Scrape Yahoo Shopping with Python

Through Yahoo Shopping, users can search for a wide array of items, from electronics and clothing to home goods and health products. Its interface offers users the ability to easily compare prices, product specifications, and seller ratings across multiple vendors, making it a convenient tool for online shoppers looking for the best deals.

Additionally, Yahoo Shopping incorporates reviews and ratings, both for individual products and for the vendors selling them, ensuring users can make informed decisions about their purchases.

Introduction

In recent years, Yahoo Shopping has leveraged advanced technologies, such as GraphQL for efficient data retrieval, which has resulted in faster, more responsive user experiences.

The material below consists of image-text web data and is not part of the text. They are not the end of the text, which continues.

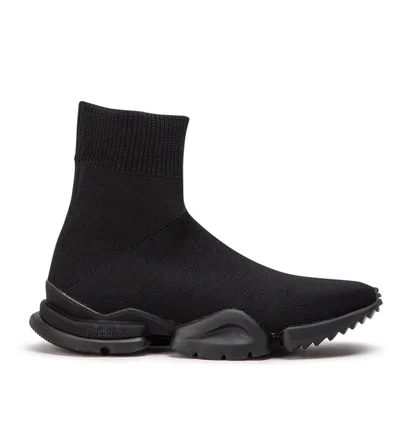 Reebok Sock Run_R (Schwarz)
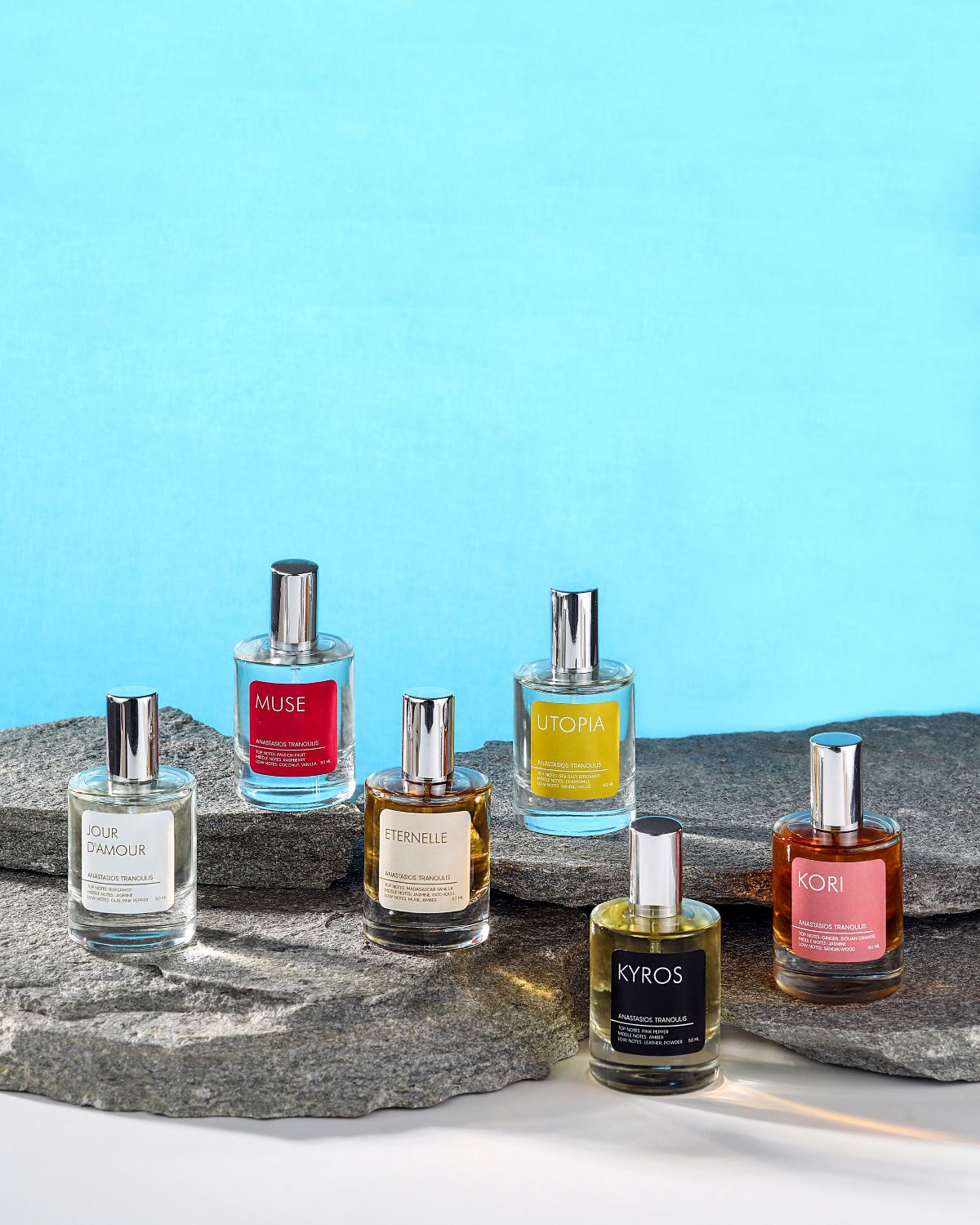 τα νέα αρώματα τρανούλης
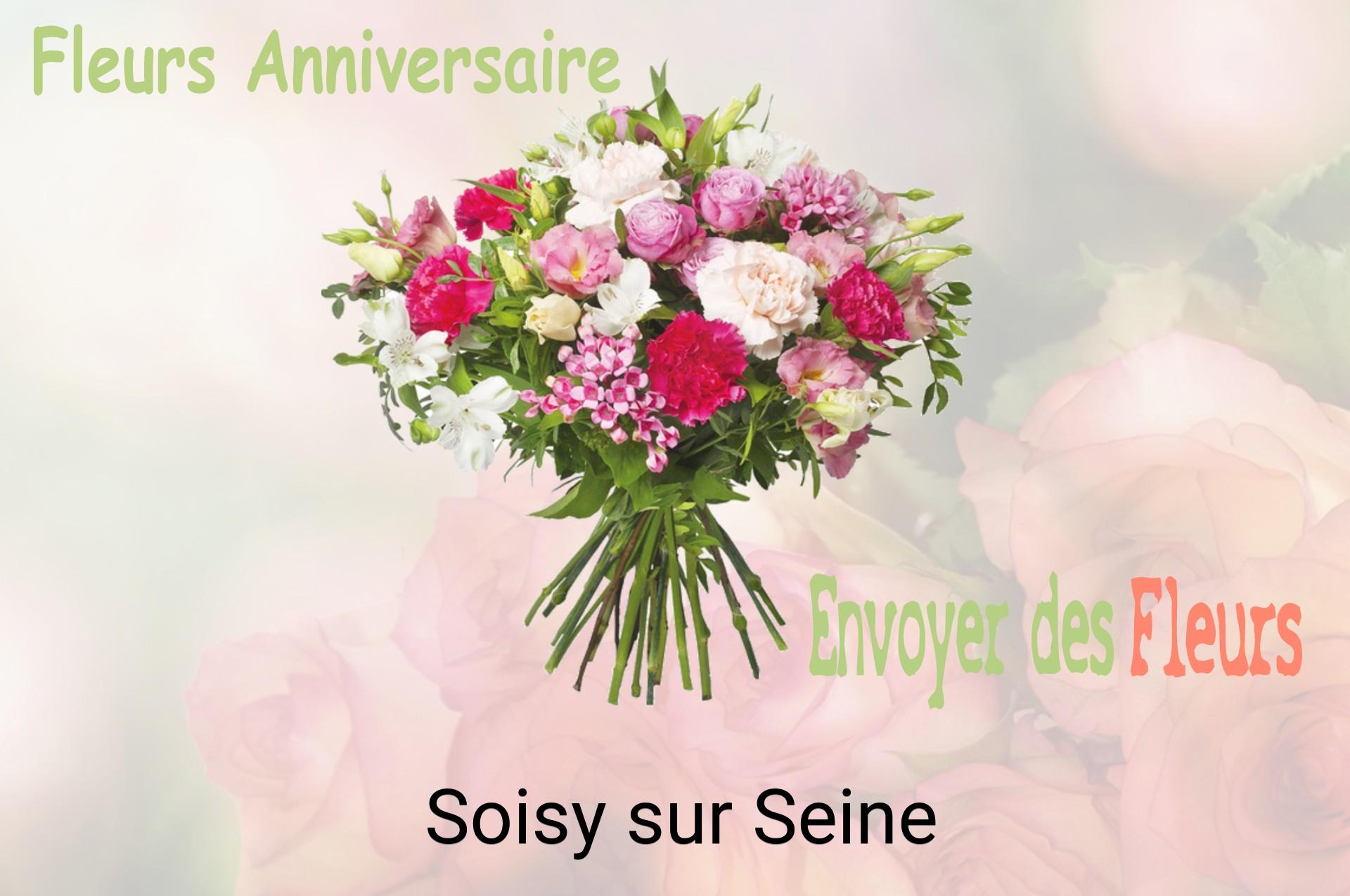 Bouquet de fleurs d’anniversaire livré à Soisy-sur-Seine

This made it challenging for some users to scrape Yahoo shopping as it's not regular HTML response scraping.

Getting Started

To begin with, let's first understand what we need:

  • Python: You should have Python 3.6 or above installed on your machine.
  • Libraries: We'll be using the requests library for making HTTP requests and the json library to work with JSON data.

You can install the requests library using pip:

pip install requests

Overview of Yahoo Shopping's GraphQL API

Yahoo Shopping employs a GraphQL API for its data, which differs from typical REST APIs. GraphQL APIs allow us to specify exactly what data we need, leading to more efficient data retrieval.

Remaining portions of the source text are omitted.